Using Decision Trees to Detect and Isolate Leaks in the J-2X
shared by MARK SCHWABACHER, updated on Sep 22, 2010
Summary
Full title: Using Decision Trees to Detect and Isolate Simulated Leaks in the J-2X Rocket Engine
Mark Schwabacher, NASA Ames Research Center
Robert Aguilar, Pratt & Whitney Rocketdyne
Fernando Figueroa, NASA Stennis Space Center
Abstract
The goal of this work was to use data-driven methods to automatically detect and isolate faults in the J-2X rocket engine. It was decided to use decision trees, since they tend to be easier to interpret than other data-driven methods. The decision tree algorithm automatically “learns” a decision tree by performing a search through the space of possible decision trees to find one that fits the training data. The particular decision tree algorithm used is known as C4.5. Simulated J-2X data from a high-fidelity simulator developed at Pratt & Whitney Rocketdyne and known as the Detailed Real-Time Model (DRTM) was used to “train” and test the decision tree. Fifty-six DRTM simulations were performed for this purpose, with different leak sizes, different leak locations, and different times of leak onset. To make the simulations as realistic as possible, they included simulated sensor noise, and included a gradual degradation in both fuel and oxidizer turbine efficiency. A decision tree was trained using 11 of these simulations, and tested using the remaining 45 simulations. In the training phase, the C4.5 algorithm was provided with labeled examples of data from nominal operation and data including leaks in each leak location. From the data, it “learned” a decision tree that can classify unseen data as having no leak or having a leak in one of the five leak locations. In the test phase, the decision tree produced very low false alarm rates and low missed detection rates on the unseen data. It had very good fault isolation rates for three of the five simulated leak locations, but it tended to confuse the remaining two locations, perhaps because a large leak at one of these two locations can look very similar to a small leak at the other location.
Introduction
The J-2X rocket engine will be tested on Test Stand A-1 at NASA Stennis Space Center (SSC) in Mississippi. A team including people from SSC, NASA Ames Research Center (ARC), and Pratt & Whitney Rocketdyne (PWR) is developing a prototype end-to-end integrated systems health management (ISHM) system that will be used to monitor the test stand and the engine while the engine is on the test stand[1]. The prototype will use several different methods for detecting and diagnosing faults in the test stand and the engine, including rule-based, model-based, and data-driven approaches. SSC is currently using the G2 tool http://www.gensym.com to develop rule-based and model-based fault detection and diagnosis capabilities for the A-1 test stand. This paper describes preliminary results in applying the data-driven approach to detecting and diagnosing faults in the J-2X engine.
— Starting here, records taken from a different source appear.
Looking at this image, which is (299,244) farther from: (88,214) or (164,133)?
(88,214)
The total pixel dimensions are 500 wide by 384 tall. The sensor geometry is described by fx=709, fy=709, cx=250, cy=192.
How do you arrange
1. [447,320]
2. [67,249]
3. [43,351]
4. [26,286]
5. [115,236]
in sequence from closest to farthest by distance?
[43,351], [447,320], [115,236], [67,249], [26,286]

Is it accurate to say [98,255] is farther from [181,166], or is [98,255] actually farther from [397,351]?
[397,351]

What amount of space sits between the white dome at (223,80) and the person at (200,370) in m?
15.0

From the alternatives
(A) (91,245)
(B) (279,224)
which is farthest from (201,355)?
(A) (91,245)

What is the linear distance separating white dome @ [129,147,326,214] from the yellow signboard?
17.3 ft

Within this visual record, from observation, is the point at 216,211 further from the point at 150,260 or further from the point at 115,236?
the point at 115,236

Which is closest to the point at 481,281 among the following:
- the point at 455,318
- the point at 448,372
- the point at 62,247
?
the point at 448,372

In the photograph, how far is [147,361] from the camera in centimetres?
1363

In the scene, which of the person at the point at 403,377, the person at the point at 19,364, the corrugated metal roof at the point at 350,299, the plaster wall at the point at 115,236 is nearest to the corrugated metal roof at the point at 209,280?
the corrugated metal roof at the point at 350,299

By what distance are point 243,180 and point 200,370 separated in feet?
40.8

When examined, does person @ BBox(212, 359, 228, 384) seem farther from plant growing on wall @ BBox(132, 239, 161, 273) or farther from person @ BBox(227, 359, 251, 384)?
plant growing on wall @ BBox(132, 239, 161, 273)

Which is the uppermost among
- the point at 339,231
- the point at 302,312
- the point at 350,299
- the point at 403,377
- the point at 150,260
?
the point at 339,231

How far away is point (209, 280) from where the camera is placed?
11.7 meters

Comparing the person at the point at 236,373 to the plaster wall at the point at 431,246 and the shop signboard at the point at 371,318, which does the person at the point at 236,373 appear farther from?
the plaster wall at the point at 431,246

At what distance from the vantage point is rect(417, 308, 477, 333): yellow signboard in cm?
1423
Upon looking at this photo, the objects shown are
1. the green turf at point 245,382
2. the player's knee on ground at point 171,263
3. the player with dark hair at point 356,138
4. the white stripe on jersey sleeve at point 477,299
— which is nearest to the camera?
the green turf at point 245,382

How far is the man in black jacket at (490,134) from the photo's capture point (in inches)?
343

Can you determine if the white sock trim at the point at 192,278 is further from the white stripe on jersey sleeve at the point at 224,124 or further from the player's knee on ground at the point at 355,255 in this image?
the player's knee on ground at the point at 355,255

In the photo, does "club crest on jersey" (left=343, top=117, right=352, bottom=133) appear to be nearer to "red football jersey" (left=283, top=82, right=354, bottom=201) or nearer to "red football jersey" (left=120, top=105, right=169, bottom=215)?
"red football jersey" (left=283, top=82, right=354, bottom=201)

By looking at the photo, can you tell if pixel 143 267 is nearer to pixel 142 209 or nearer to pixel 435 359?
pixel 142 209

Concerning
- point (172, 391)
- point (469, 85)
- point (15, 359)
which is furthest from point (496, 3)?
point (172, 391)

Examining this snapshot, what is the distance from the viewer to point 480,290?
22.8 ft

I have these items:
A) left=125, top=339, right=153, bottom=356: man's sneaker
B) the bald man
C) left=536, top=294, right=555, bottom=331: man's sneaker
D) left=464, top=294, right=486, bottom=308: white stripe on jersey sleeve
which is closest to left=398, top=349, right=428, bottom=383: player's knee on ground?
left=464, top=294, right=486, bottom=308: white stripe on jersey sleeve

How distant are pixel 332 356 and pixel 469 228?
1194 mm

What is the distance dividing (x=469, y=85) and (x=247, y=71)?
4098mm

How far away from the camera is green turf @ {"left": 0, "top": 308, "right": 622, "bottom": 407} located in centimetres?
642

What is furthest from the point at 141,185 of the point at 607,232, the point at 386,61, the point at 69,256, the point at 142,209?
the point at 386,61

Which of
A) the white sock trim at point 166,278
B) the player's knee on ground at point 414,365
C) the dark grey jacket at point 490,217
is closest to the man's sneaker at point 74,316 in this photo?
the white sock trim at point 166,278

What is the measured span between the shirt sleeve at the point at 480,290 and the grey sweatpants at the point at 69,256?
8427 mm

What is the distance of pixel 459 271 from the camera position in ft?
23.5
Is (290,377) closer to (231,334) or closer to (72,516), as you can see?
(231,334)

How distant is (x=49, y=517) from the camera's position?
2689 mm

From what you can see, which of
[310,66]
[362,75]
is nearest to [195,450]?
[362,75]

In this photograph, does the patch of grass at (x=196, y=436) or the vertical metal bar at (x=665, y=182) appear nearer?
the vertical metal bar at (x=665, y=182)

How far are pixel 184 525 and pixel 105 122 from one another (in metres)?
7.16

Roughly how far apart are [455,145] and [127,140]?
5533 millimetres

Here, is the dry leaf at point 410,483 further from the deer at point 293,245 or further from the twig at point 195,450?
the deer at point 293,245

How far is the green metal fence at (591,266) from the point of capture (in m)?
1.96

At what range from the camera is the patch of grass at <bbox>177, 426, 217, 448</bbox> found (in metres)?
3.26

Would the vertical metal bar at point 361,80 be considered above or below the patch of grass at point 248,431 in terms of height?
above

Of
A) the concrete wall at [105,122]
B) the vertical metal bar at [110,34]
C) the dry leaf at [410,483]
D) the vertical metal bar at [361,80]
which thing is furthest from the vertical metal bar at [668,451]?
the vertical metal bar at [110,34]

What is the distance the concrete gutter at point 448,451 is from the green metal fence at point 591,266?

The conventional approach to detecting and diagnosing faults in complex engineered systems such as rocket engines and test stands is to use large numbers of human experts. Test controllers watch the data in near-real time during each engine test. Engineers study the data after each test. These experts are aided by limit checks that signal when a particular variable goes outside of a predetermined range. The conventional approach is very labor intensive. Also, humans may not be able to recognize faults that involve the relationships among large numbers of variables. Further, some potential faults could happen too quickly for humans to detect them and react before they become catastrophic. Automated fault detection and diagnosis is therefore needed.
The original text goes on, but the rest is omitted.